WDLB
- Marshfield, Wisconsin; United States;
- Broadcast area: Wausau-Stevens Point
- Frequency: 1450 kHz
- Branding: WDLB AM 1450 FM 98.7

Programming
- Format: Classic hits
- Affiliations: ABC News Radio

Ownership
- Owner: Kevin Grap; (Central Wisconsin Broadcasting, Inc.);
- Sister stations: WOSQ

History
- First air date: February 2, 1947
- Call sign meaning: DairyLand Broadcasting (original owner)

Technical information
- Licensing authority: FCC
- Facility ID: 24443
- Class: C
- Power: 750 watts day; 1,000 watts night;
- Transmitter coordinates: 44°41′49.00″N 90°9′20.00″W﻿ / ﻿44.6969444°N 90.1555556°W
- Translator: 98.7 W254DL (Marshfield)

Links
- Public license information: Public file; LMS;
- Webcast: Listen live
- Website: www.wdlbam.com

= WDLB =

WDLB (1450 AM) is a radio station broadcasting a classic hits format.

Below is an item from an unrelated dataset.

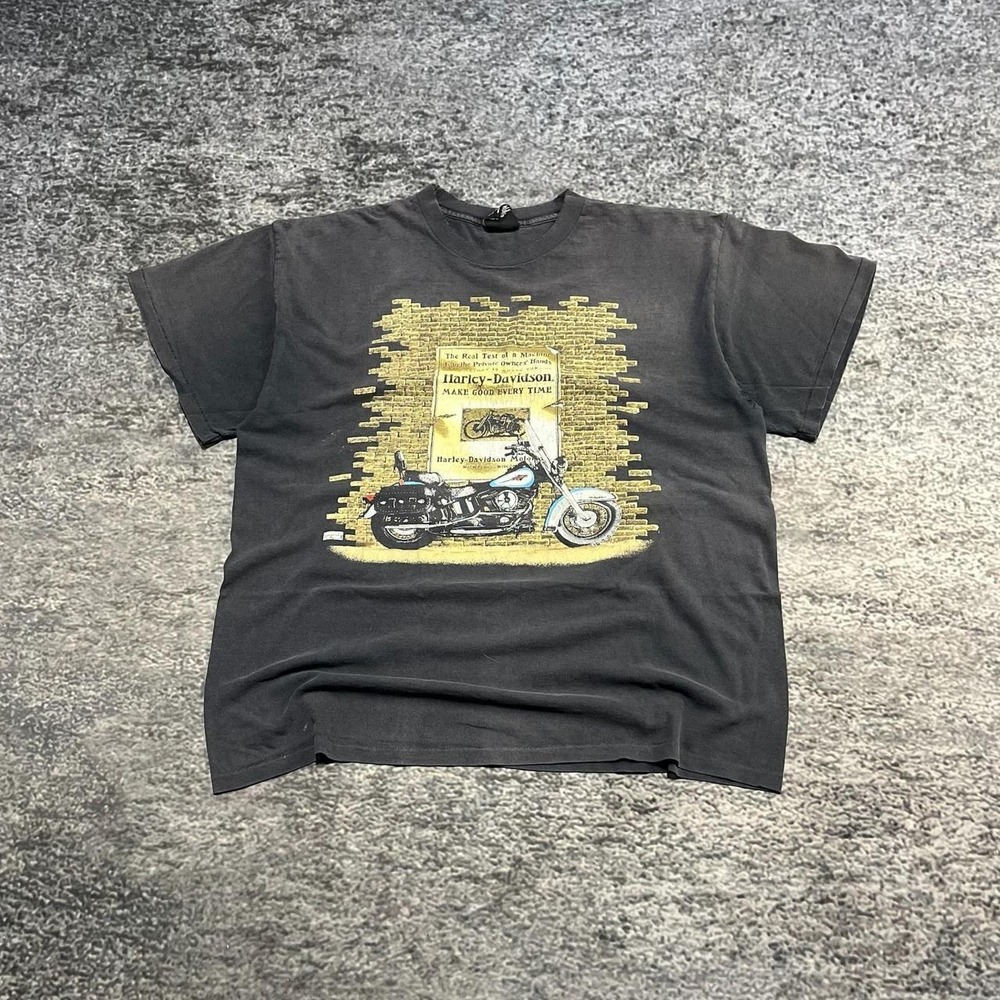 Vintage 90s Harley Davidson T Shirt Mens XL Black Faded Biker Motorcycle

Licensed to Marshfield, Wisconsin, United States, the station serves the Wausau-Stevens Point area, and features programing from ABC News Radio.

==History==
The station signed on February 2, 1947, and has broadcast from the same location at 1710 North Central Avenue since the beginning, initially with 250 watts, later increasing to 1 kW from a transmitter located in back of the building. The Call Letters stand for "Wisconsin's Dairy Land Broadcasting" for the original owners, serving the Marshfield community with News, Sports, and Local Information. In 1965, an FM sister station was added at 106.5 MHz. In 1976, an early morning farm program debuted, hosted by Farm Broadcaster Les Leonard, which later grew into a statewide broadcast known as "Daybreak". WDLB's music formats thru the years has varied, for many years, using "Block Programming", mostly MOR/Adult Contemporary during the day, an early evening Country music program, and Top 40 during nights and weekend hours. Owned by Goetz Broadcasting for many years, beginning in 1965. Previous owners included Clarkwood Broadcasting, the station was sold to Marathon Media in the late 1990s, then NRG Media in 2004, and then sold to Seehafer Broadcasting in June 2006, headed by Marshfield Native Don Seehafer, in a deal which also included WFHR, Wisconsin Rapids. The station currently features local programming during the morning and early afternoon hours, along with a syndicated Oldies format from Westwood One the rest of the day. WDLB has been an ABC radio affiliate since the late '60's, originally carrying ABC Contemporary Radio programming and Paul Harvey News and Commentary.

Notable personalities that started their careers at WDLB, include former MTV executive Jeff Rowe, using the moniker "Dallas Cole" and National Voice Artist Scott Chapin, under the name "Todd Simon".

The station is currently owned by Kevin Grap, through licensee Central Wisconsin Broadcasting, Inc., which acquired WDLB, translator W254DL, and sister station WOSQ from Seehafer Broadcasting effective February 15, 2022, for $250,000.